Your instructions :: Return, word for word, the lines of the listing below from the one with "kitchen featuring light" through the one with "May include: Two", and no other lines.

____ Data supplied

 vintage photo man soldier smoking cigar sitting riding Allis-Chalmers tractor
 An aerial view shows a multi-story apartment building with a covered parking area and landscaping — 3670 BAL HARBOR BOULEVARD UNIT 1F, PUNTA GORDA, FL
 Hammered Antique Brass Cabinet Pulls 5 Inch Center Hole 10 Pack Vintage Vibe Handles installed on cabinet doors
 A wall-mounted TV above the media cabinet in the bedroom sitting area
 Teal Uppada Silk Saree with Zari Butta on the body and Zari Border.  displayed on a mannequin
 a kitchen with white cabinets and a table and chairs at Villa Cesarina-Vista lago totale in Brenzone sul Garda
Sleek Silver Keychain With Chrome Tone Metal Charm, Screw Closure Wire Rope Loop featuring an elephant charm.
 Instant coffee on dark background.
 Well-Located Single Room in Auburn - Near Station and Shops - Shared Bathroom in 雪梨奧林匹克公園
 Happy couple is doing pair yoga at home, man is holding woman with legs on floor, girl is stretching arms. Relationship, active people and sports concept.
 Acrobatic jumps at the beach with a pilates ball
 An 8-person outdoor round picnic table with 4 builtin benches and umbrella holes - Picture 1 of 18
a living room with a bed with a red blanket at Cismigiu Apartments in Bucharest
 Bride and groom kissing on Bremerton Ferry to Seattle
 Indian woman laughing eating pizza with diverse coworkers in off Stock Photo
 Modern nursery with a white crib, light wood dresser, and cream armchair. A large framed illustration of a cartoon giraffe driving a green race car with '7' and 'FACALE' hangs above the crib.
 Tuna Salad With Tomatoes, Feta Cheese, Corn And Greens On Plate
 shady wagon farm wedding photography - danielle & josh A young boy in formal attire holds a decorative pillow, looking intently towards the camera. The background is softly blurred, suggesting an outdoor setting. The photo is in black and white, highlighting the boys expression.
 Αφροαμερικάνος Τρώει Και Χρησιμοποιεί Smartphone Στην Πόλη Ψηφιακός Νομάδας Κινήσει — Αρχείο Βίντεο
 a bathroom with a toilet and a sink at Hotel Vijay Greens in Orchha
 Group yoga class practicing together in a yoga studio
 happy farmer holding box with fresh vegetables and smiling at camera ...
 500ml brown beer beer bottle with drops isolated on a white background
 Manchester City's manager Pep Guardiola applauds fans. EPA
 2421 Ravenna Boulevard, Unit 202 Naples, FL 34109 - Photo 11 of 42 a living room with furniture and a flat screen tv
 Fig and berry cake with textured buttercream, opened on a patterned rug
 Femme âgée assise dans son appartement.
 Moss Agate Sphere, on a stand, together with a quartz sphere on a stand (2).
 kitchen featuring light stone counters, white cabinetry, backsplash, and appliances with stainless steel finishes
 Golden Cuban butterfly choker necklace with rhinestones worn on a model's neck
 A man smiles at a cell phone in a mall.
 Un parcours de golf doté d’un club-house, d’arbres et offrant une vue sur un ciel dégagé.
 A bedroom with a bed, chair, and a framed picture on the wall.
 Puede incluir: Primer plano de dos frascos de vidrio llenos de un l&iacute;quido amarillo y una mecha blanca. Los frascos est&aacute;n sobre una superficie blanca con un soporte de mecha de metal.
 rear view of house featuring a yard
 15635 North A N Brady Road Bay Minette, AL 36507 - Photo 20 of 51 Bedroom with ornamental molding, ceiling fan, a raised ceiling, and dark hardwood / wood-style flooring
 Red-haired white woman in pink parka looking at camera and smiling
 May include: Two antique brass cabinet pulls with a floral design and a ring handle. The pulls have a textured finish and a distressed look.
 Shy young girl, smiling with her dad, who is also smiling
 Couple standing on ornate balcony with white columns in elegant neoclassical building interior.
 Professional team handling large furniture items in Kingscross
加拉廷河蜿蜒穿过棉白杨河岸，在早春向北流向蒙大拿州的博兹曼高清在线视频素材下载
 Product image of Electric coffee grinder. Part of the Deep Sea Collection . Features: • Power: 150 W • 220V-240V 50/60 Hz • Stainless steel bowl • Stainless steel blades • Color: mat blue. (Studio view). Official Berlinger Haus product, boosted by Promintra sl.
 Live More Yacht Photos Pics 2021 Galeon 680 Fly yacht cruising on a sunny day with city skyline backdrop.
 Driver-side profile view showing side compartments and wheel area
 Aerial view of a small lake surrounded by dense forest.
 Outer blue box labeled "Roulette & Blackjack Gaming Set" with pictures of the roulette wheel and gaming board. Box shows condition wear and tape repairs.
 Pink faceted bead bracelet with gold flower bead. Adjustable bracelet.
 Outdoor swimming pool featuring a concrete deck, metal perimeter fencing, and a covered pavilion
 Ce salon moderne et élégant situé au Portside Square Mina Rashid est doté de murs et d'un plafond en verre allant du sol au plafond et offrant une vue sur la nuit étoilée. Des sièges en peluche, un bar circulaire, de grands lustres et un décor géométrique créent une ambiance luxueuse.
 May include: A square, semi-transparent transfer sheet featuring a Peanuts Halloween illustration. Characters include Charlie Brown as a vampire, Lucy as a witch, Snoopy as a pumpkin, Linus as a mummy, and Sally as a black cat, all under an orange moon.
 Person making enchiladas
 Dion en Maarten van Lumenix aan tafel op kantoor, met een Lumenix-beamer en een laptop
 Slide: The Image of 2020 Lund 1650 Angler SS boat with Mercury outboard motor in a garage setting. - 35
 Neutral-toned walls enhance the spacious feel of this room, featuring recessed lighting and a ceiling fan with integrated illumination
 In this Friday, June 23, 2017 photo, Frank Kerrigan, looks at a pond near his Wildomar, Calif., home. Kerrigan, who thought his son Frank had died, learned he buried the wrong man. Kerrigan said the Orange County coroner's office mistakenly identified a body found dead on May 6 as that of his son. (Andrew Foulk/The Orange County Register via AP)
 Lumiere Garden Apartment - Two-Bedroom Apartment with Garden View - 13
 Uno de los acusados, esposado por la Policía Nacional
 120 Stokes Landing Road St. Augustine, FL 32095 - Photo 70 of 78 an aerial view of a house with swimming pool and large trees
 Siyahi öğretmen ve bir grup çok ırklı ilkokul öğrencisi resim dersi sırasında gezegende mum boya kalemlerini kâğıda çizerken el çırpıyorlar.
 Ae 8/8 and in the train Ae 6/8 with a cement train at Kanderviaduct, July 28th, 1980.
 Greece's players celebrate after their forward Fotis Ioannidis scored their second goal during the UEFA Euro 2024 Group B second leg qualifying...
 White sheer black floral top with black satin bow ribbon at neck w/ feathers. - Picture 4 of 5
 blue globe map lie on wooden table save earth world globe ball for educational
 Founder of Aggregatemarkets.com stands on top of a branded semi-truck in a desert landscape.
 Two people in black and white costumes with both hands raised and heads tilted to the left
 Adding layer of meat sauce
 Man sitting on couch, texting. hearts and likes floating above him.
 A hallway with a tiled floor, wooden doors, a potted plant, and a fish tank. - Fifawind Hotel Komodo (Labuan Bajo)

________

Problem solution ::
 kitchen featuring light stone counters, white cabinetry, backsplash, and appliances with stainless steel finishes
 Golden Cuban butterfly choker necklace with rhinestones worn on a model's neck
 A man smiles at a cell phone in a mall.
 Un parcours de golf doté d’un club-house, d’arbres et offrant une vue sur un ciel dégagé.
 A bedroom with a bed, chair, and a framed picture on the wall.
 Puede incluir: Primer plano de dos frascos de vidrio llenos de un l&iacute;quido amarillo y una mecha blanca. Los frascos est&aacute;n sobre una superficie blanca con un soporte de mecha de metal.
 rear view of house featuring a yard
 15635 North A N Brady Road Bay Minette, AL 36507 - Photo 20 of 51 Bedroom with ornamental molding, ceiling fan, a raised ceiling, and dark hardwood / wood-style flooring
 Red-haired white woman in pink parka looking at camera and smiling
 May include: Two antique brass cabinet pulls with a floral design and a ring handle. The pulls have a textured finish and a distressed look.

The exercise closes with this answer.